How do you design the perfect chair? Jan Habraken and the designers at FormNation decided to quit the search for a perfect form and investigate the idea that it might be out there already. Chairgenics, Habraken’s exercise of ‘breeding chairs’ according to a system of best attributes, aims to let the process of evolution do the hard work – and the ultimate chair to emerge victorious.
Where did this extraordinary idea come from?
Jan Habraken: My personal approach to design is quite Darwinistic, as I believe that when you design a new product it should make the previous ‘species’ obsolete. This thought combined with every designer's urge to design a chair caused me to start thinking about whether you could use the breeding process to create a perfect chair. Strictly speaking, breeding the chairs is impossible, so the closest thing I could find is morphing the chairs digitally ... which was easier said than done.

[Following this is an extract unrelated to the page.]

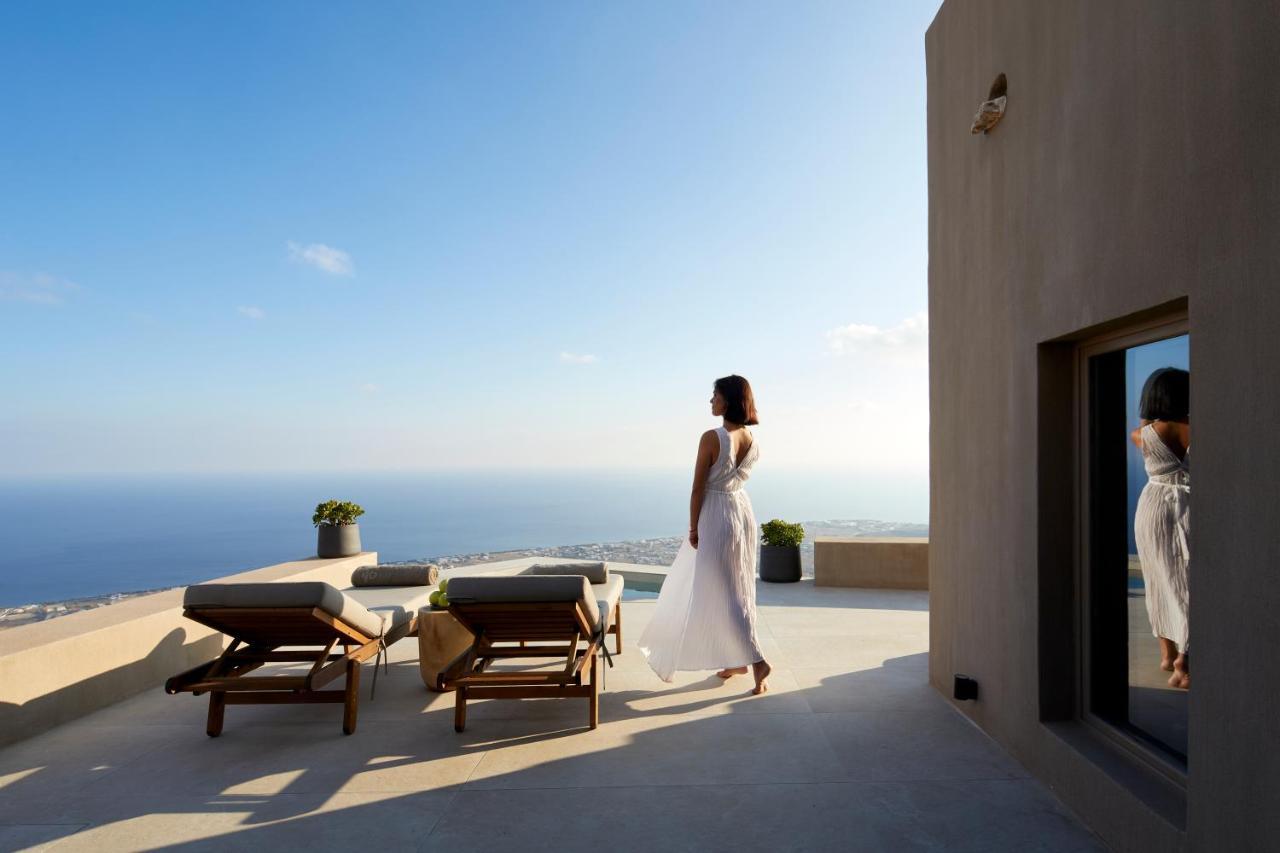 Santorini Sky, The Pýrgos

How did you choose which iconic chairs to breed from?
I started by using Google and Yahoo Exact, in searching for images of chairs. I was given the amount of correct hits on the first page (for example, if you Google Pantone chair you will be presented with the correct chair 90% of the time). I then multiplied correct hits with the amount of found images to create a list of the popularity of chairs.
Can you explain the process of assigning values?
Next to the aesthetic value being ‘chosen’ through popular opinion, in this case Google popularity, I judged the other values with my design hat on. I judged ergonomics by comfort (upholstered wins over a hard wooden chair) and shape, durability, mostly materiality (wood decays sooner than plastic). I judged construction on how long a chair would last. For example, the typical plastic garden chair does not last as long as a Panton chair even though they are both made from the same material. Something else I considered is costs, and a simple Google for the price of materials determined an average price.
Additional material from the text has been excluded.